The 24th International Conference on Artificial Intelligence,2022 the World Congress in Computer Science, Computer Engineering, & Applied Computing

Springer Nature Transactions on Computational Science & Computational Intelligence(will be published)

Brain Tumor Classification on MRI in Light of Molecular Markers

Jun Liu1,2, Geng Yuan2, Wenbin Zhang3,Xue Lin2, XiaoLin Xu2, Yanzhi Wang2

1Robotics Institute, School of Computer Science, Carnegie Mellon University, Pittsburgh, PA, USA

2 Department of Electrical & Computer Engineering, College of Engineering, Northeastern University, Boston, MA, USA

3 University of Maryland, Baltimore County, MD USA

Abstract. Codeletion of chromosomal arms 1p/19q has been connected to a good response to treatment in low-grade gliomas (LGG) in several studies. The ability to predict 1p19q status is critical for treatment planning and patient follow-up. The goal of this research is to develop a non-invasive approach based on MR images using our novel convolutional neural networks. Although public networks such as VggNet, GoogleNet and other well-known public networks can effectively diagnose brain cancers using transfer learning, but the model contains a huge number of components that are unrelated to medical image.
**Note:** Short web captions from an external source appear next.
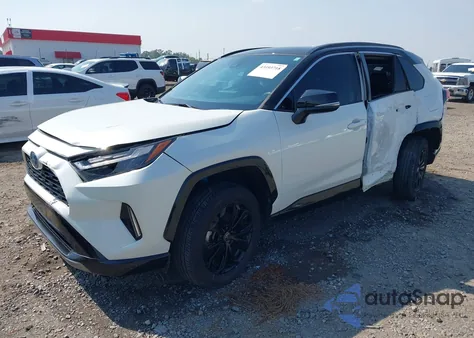 2022 Toyota Rav4 Hybrid Xse from USA, damaged, VIN 2T3E6RFV4NW031007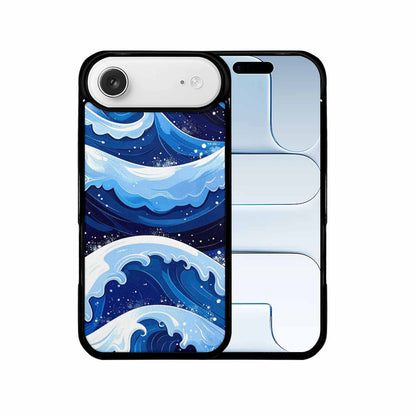 iPhone 17 Air Case — Glossy Winter Wave Seamless Cartoon Cute, Custom Phone Case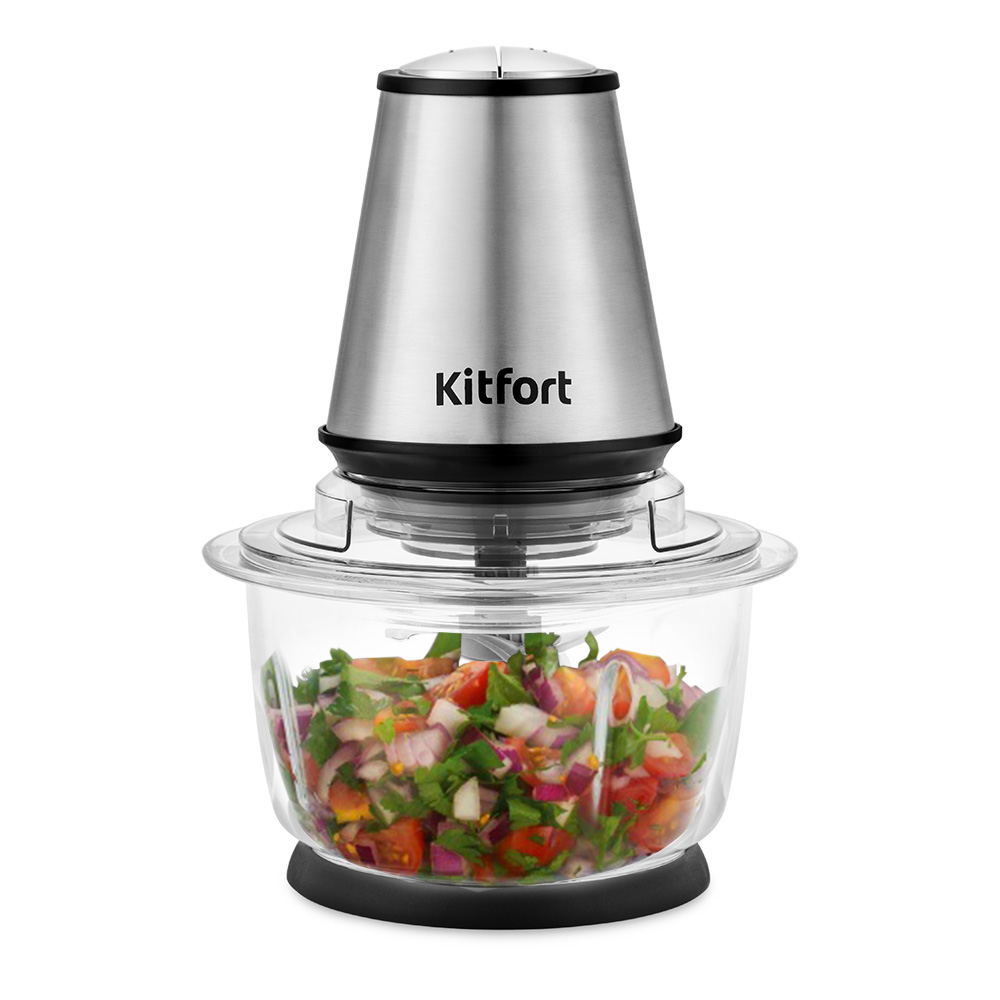 Kitfort KT-1389 - práctico picador con recipiente de vidrio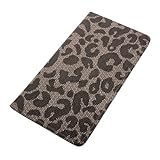 VALICLUD Pu Auto Versicherungs Fahrzeugregistrierungs-Organizer Mit Wasserfestem Großraum-Fach Langlebigem Material Leopardenmuster Kartenhalter Für Führerschein Und Dokumente Innenausstatt
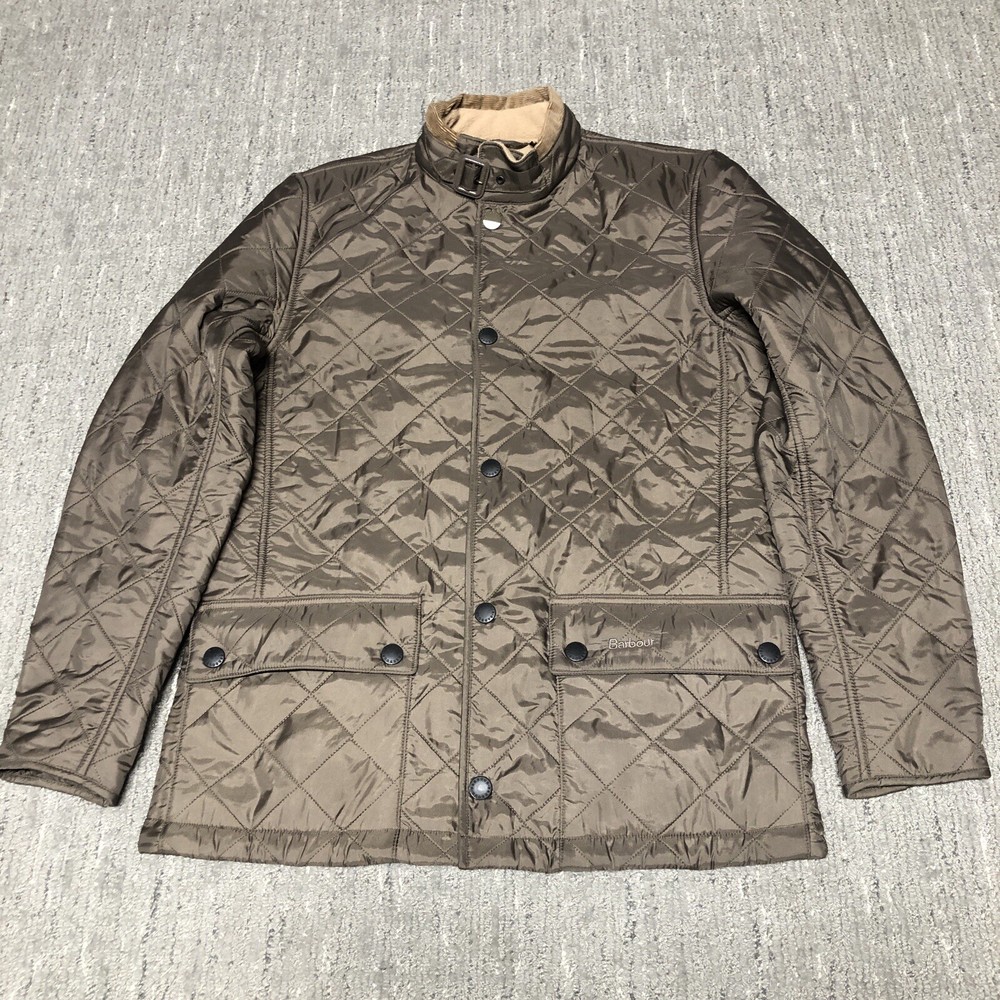 Barbour X Pantone Polartone Fleece-Lined Quilted Jacket Men's Size Small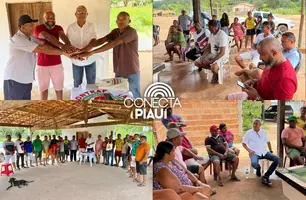Prefeito Orlando Crispim visita comunidades no município de Manoel Emídio (Foto: Reprodução)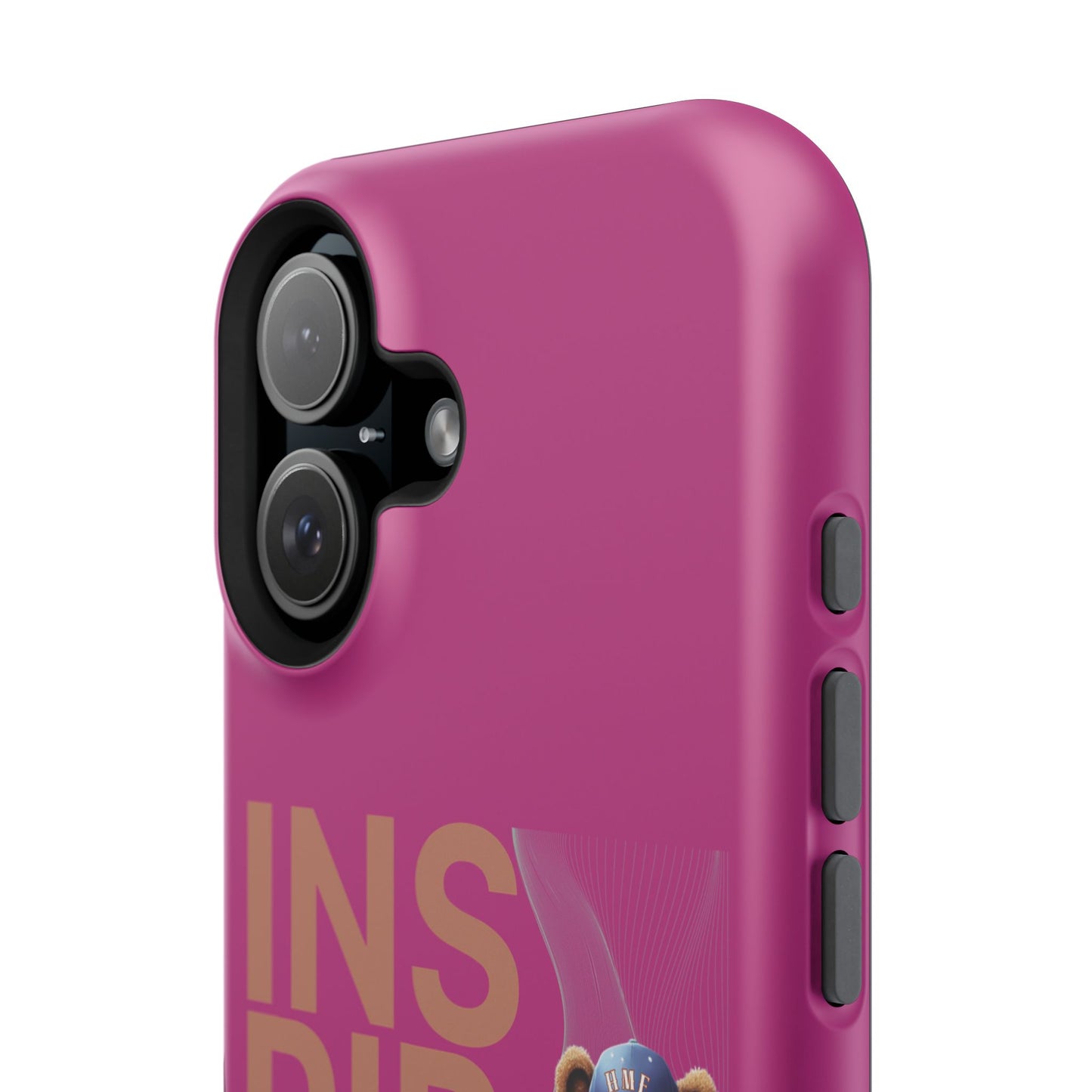 Phone Cases - HME Logo Bear, Inspired to take action Pink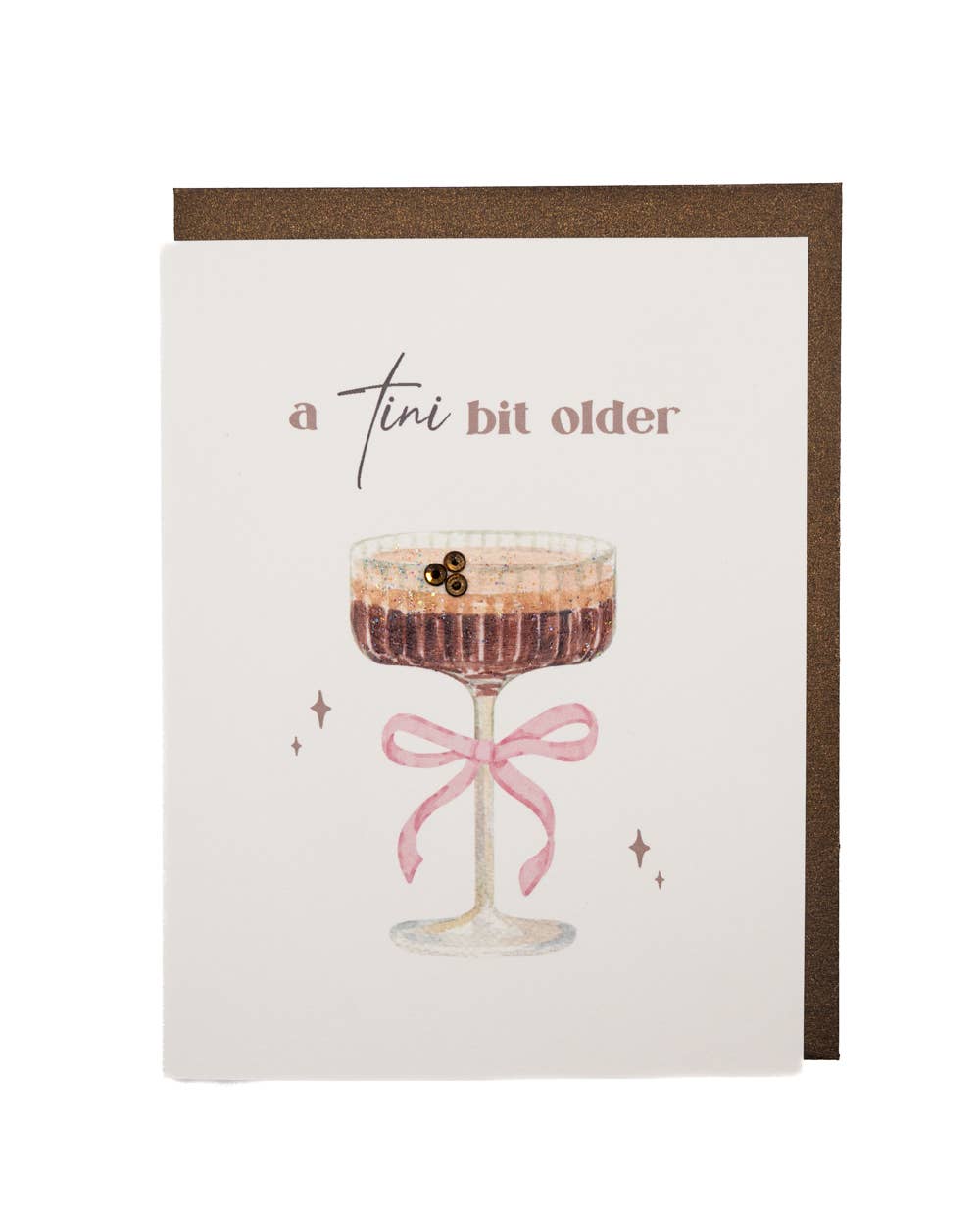 'Tini Bit Older' Birthday Card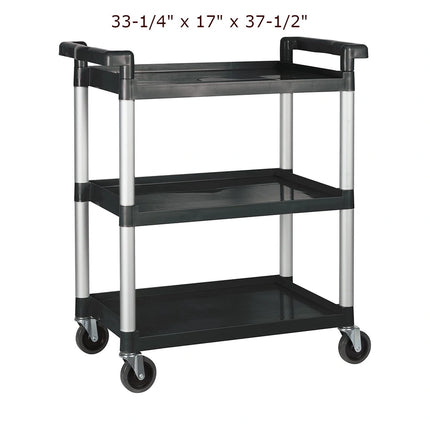 Winco ** Utility Cart 33-1/4_ x 17_ x 37-1/2_ [FINAL SALE] Ð Black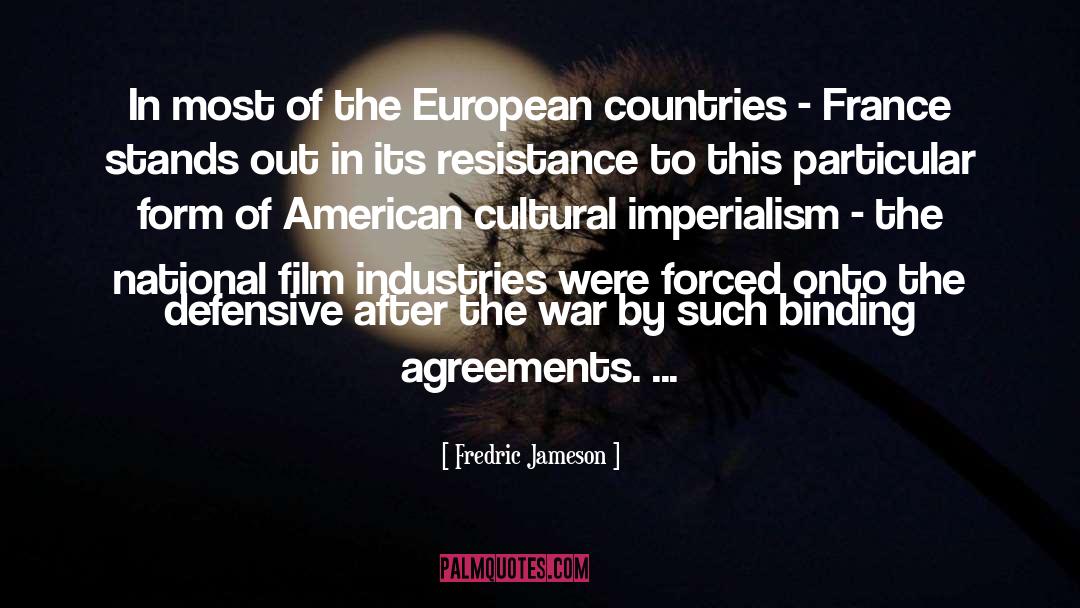 European quotes by Fredric Jameson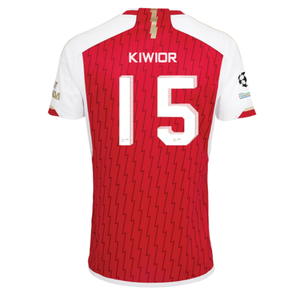 adidas Arsenal Jakub Kiwior Home Jersey 23/24 w/ Champions League Patches (Better Scarlet/White)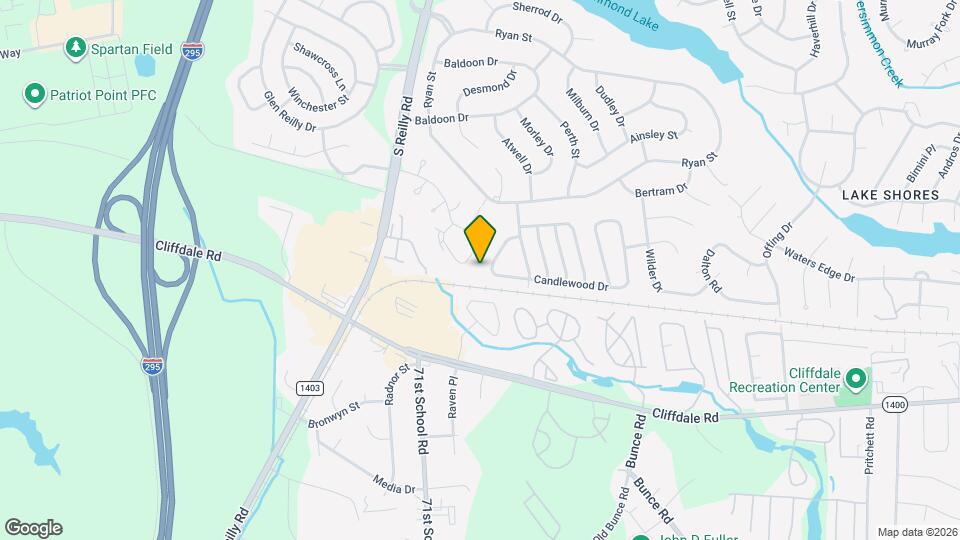 7041 Candlewood Dr Map and Location Details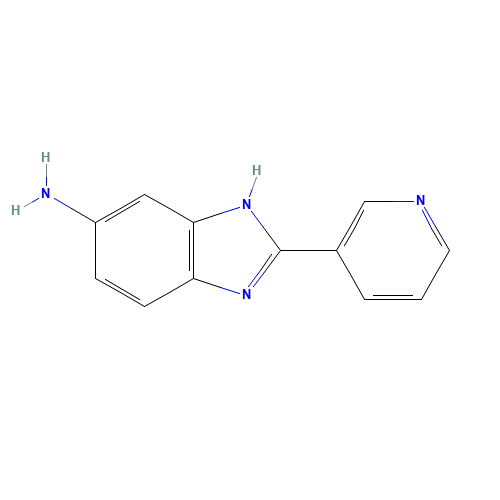 2-Pyridin-3-yl-1H-benzoimidazol-5-ylamine (CAS: 1571-99-9) - Related Chemical Product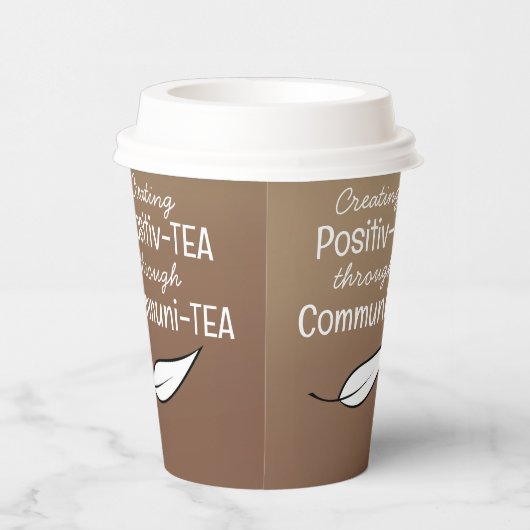 Tea citeert aangepaste papierkatoentheekopjes voor papieren bekers (Rechts)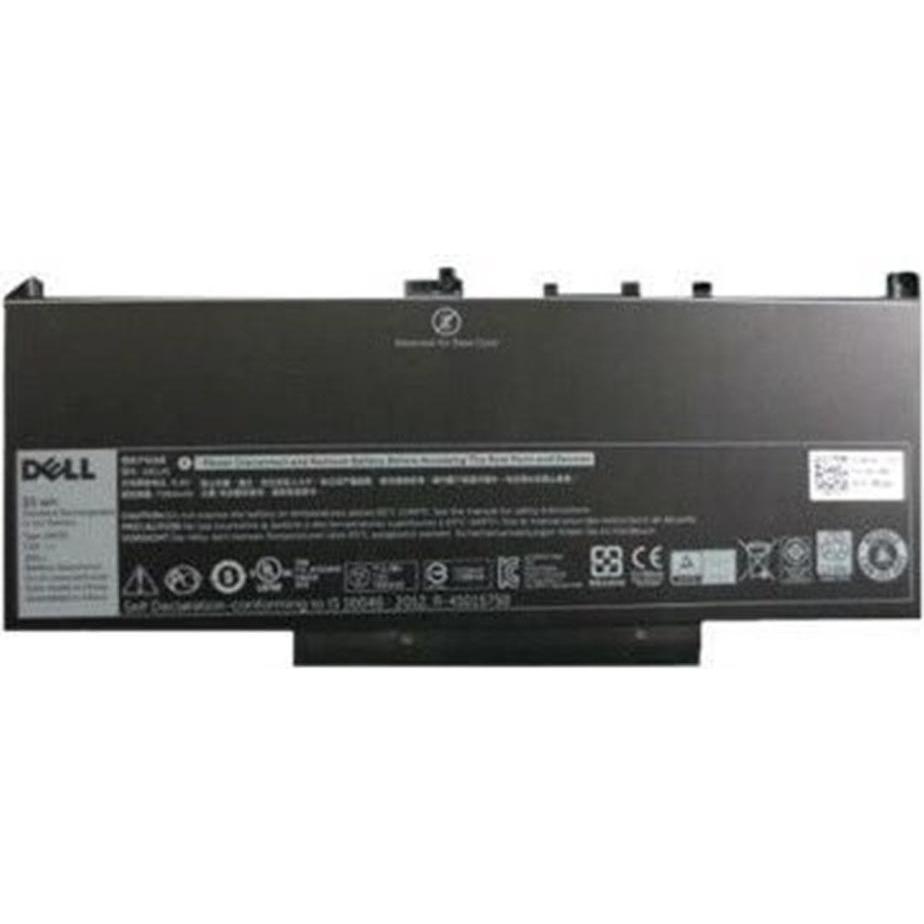 Dell Battery, 55WHR, 4 Cell (4 Zellen, 7080 mAh), Notebook Akku, Schwarz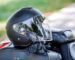 helmet and motorcycle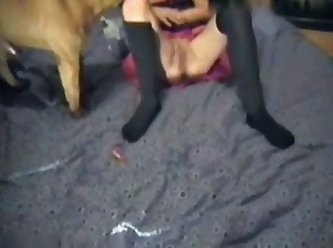 To Clit. My Cock Got Hard Again And I Stoked It More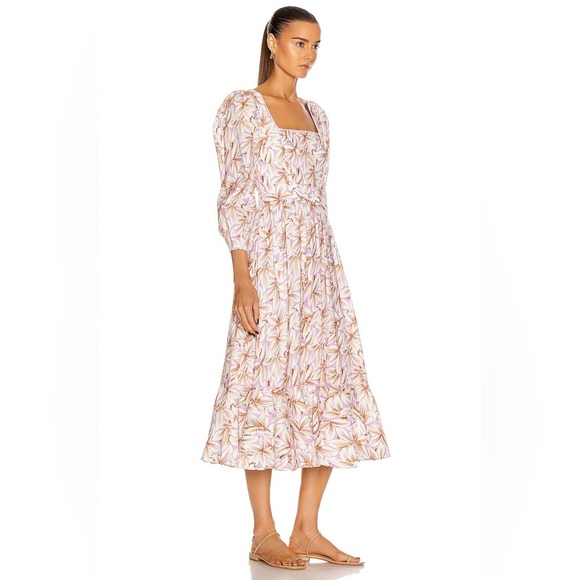 Jonathan Simkhai Ella Dress in Lilac Print - Picture 3 of 16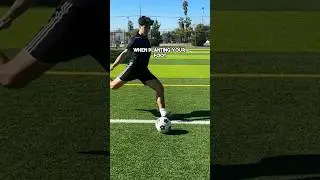 Tip for Long Balls⚽️ #football #shorts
As a result, the diagnostic results are unreliable by transfer learning model. In order to address the issue of trustworthiness, we build the model from the bottom up, rather than relying on transfer learning. Our network structure flexibly uses a deep convolution stack mixed with a dropout and dense operation, which reduced overfitting and enhanced performance. We also augmented the given dataset. The Gaussian noise is introduced during the model training. We use three--fold cross-validation to train the best selection model. Our proposed model is compared to MobileNetV2, InceptionResNetV2 and VGG16 that have been fine-tuned through transfer learning. Our model achieves better results than these models. When classifying images between 1p/19q codeletion and not codeleted, the proposed architecture achieved an F1-score of 96.37%, Precision 97.46%, Recall 96.34% in the test set. Keywords. low-grade gliomas; 1p/19q; CNN; reliability transfer learning; radiogenomics.